Retype all data exactly as given. Pictures should not be retyped.

Information shown:
-----
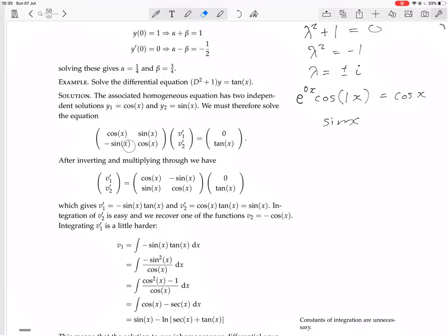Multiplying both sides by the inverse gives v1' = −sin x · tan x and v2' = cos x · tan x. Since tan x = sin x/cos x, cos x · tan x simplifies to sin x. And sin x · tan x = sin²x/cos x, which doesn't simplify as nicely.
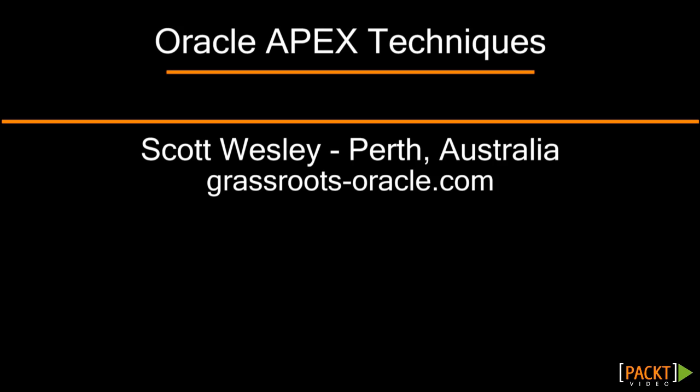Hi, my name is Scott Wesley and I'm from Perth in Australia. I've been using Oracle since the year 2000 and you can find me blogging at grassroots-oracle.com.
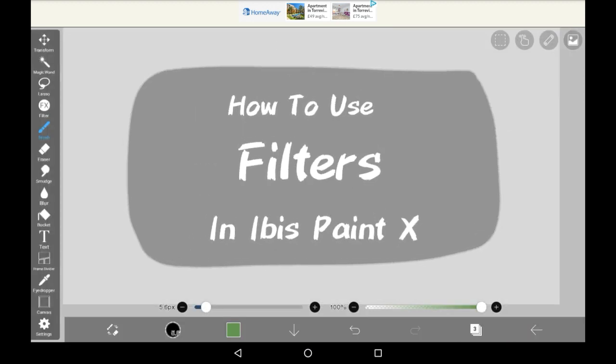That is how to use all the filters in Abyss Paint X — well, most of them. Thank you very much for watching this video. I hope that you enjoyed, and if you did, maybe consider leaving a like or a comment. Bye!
-----
Result for this exercise:
Multiplying both sides by the inverse gives v1' = −sin x · tan x and v2' = cos x · tan x. Since tan x = sin x/cos x, cos x · tan x simplifies to sin x. And sin x · tan x = sin²x/cos x, which doesn't simplify as nicely.
Hi, my name is Scott Wesley and I'm from Perth in Australia. I've been using Oracle since the year 2000 and you can find me blogging at grassroots-oracle.com.
That is how to use all the filters in Abyss Paint X — well, most of them. Thank you very much for watching this video. I hope that you enjoyed, and if you did, maybe consider leaving a like or a comment. Bye!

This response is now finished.